Is Sector Focus a Scam?
Sector Focus isn’t a scam; it’s a genuine service where Chris Rowe shares at least ten trade ideas with subscribers each month, and there’s a 30-day refund policy in place.
Not to mention, the company behind it, True Market Insiders, is a real Florida-based financial publishing company that has been around since 2016.
As I explain in my True Market Insiders review, the company sells numerous other services and tools aimed at helping subscribers trade successfully. I’ve also looked into the company and, while there are some complaints, it looks legit and has mostly positive reviews.
That said, there are a few points I want to make.
First, I’ve found some of the marketing behind Sector Focus and related TMI services is a bit overhyped at times. I don’t think that makes it a scam, but it might pay to take some of the marketing presentations with a pinch of salt.
Second, the company sells at least a dozen services and tools, some of which costs $1,000s, so don’t be surprised if you are pitched on joining other services at some point.

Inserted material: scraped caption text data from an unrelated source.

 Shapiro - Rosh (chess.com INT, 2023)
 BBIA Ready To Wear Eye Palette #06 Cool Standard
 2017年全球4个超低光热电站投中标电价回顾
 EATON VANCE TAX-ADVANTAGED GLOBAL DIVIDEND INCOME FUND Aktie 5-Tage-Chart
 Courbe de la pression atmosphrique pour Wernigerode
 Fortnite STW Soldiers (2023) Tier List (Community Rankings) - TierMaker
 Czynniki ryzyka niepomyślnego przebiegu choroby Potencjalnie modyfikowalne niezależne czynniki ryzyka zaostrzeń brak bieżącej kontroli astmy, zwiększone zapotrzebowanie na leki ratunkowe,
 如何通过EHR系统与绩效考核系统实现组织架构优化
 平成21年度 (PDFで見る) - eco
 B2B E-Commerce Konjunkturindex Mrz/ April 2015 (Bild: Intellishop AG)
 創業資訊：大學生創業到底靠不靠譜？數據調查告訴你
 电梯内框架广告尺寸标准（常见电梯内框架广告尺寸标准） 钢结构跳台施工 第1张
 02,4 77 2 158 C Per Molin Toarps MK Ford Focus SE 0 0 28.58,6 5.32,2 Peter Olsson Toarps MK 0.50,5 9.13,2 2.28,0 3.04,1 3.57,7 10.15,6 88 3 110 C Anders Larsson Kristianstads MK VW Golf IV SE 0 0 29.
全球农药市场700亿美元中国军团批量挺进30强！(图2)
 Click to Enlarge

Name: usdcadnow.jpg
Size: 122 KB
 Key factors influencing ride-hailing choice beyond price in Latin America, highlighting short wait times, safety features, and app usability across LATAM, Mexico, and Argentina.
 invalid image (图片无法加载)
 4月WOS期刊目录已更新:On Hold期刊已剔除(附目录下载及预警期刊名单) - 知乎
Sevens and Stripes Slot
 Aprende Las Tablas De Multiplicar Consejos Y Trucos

And third, as with any service, there is no guarantee Chris Rowe’s investment ideas will make you money. Some might, others won’t. So I don’t recommend joining if you’re expecting to get rich overnight, nor is it wise to bet more than you can afford to lose.
Either way, I don’t think it’s a scam, but I did think these points were worth mentioning.
Bottom Line: Should You Join?
Whether or not you should join Sector Focus is a decision only you can make. I think it could be worth checking out if you like the sound of Chris’ strategy and want a more fast-paced advisory. But at the same time, there are drawbacks to consider, and it’s not for everyone.
In any case, let’s start with the good.
First, Chris’ approach to investing is somewhat unique compared to most other services I come across. Because instead of being tied to any one sector (like tech or natural resources), he seems to go wherever he sees the opportunity in the market at any given time.
I also find it interesting the way he starts with a broad sector he’s interested in and “niches down” to find the best potential opportunities within each sector and sub-sector.
This doesn’t necessarily make it a superior strategy to others, but it does seem like a more structured, intelligent approach to investing overall.
The other thing I like is the value aspect. Depending on which page of the True Market Insiders site you visit, the cost of joining Sector Focus is between $79 and $168 per year.
And for that, you get ten trade ideas each month, market analysis, insights, and pretty much everything you need to learn from Chris and follow his recommendations.
What’s the catch? I don’t really know if there’s a “catch,” but nothing is perfect, and the service isn’t going to be ideal for everyone.
For example, Sector Focus may not suit those looking for a long-term, value investing service, those who want to avoid certain sectors, or who want to invest for dividend income.
It also might be a little fast-paced for some. Subscribers get ten new trade recommendations each month, whereas most advisories share one stock pick per month.
The other thing I want to re-state is that, even though I do believe Sector Focus is a legitimate service, and there is a 30-day money-back guarantee in place, there’s no guarantee it will help you make money.
At the end of the day, all investments involve risk. So even though you could do really well for yourself, you could also end up losing money.
Hopefully, that doesn’t happen. But I always think it’s worth understanding the risks and setting realistic expectations before joining something like this. That way, you’re less likely to be disappointed if things don’t go according to plan.